Important: When employing uMLFFs, the accuracy and reliability of your calculations and results may vary. Thorough validation is advised.

Model selection

A dedicated list of publicly available models, including performance benchmarks, can be found, for example, at MaterialsProject's matbench-discovery. As a general rule of thumb, choose a model with good relevant metrics that was trained on a broad choice of datasets. Between models with similar metrics, choose a model with fewer parameters for faster inference.

Step-by-step instructions

The following two examples demonstrate running different uMLFFs in VASP. Implementations vary between models, and the first step is always to understand how to call a particular model in Python directly before trying to have it called via the VASP plugin. This also allows for easier and more comprehensive debugging.

Step 1: Compiling VASP with plugins support

In order to get VASP ready to use Plugins, please follow the instructions in the dedicated section of the Makefile.include wiki page. Note that a re-compilation of VASP is required to enable Plugins support.
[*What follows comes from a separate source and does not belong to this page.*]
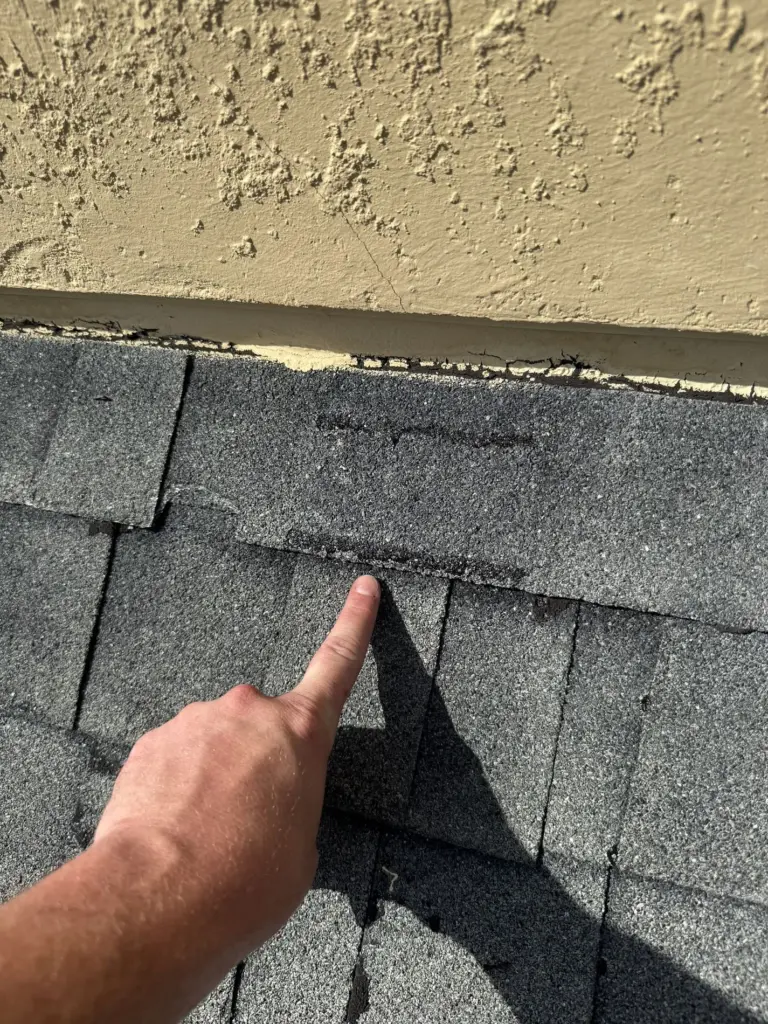 Roofing Projects FL 14 Storm-aged asphalt shingles documented before roof replacement in Iron Gate neighborhood, Leesburg, Florida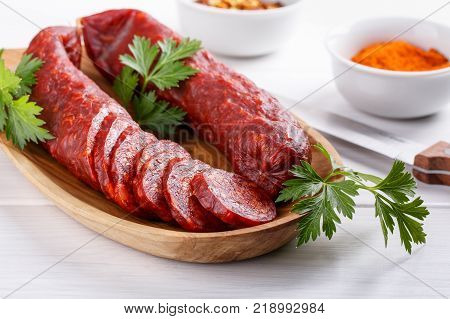 Traditional Hungarian paprika sausage. Smoked pork salami on white.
Step 1: Setting up vasp_plugin.py

Most models specify how to call them from Python. The instructions for how to install the corresponding packages and load their calculator instances will differ from model to model, but the vasp_plugin.py file should always contain (at least) the following:

calculator = ...                                # different for each model

from vasp.force_field import AseForceField      # VASP force field wrapper class
force_field = AseForceField(calculator)         # apply wrapper class

def force_and_stress(constants, additions):     # to compute force and stress via the uMLFF model instead of VASP's DFT routines
    force_field.force_and_stress(constants, additions)

Copy or move the vasp_plugin.py file to your VASP calculation folder.

We will now look at two example models and how to run them in VASP via vasp_plugin.py. Using a dedicated Python virtual environment to install related/required packages is advised.

Mind: These examples are chosen for demonstration purposes and are not recommendations.

Example A: Model inference with UPET Package

First, let's use the models of the UPET package (see also the UPET documentation). The documentation clarifies how to load different models, so install the package into your environment and then follow their instructions in vasp_plugin.py:

from upet.calculator import UPETCalculator
calculator = UPETCalculator(model="pet-mad-s", version="1.5.0", device="cuda")

from vasp.force_field import AseForceField      # VASP force field wrapper class
force_field = AseForceField(calculator)         # apply wrapper class

def force_and_stress(constants, additions):     # to compute force and stress via the uMLFF model instead of VASP's DFT routines
    force_field.force_and_stress(constants, additions)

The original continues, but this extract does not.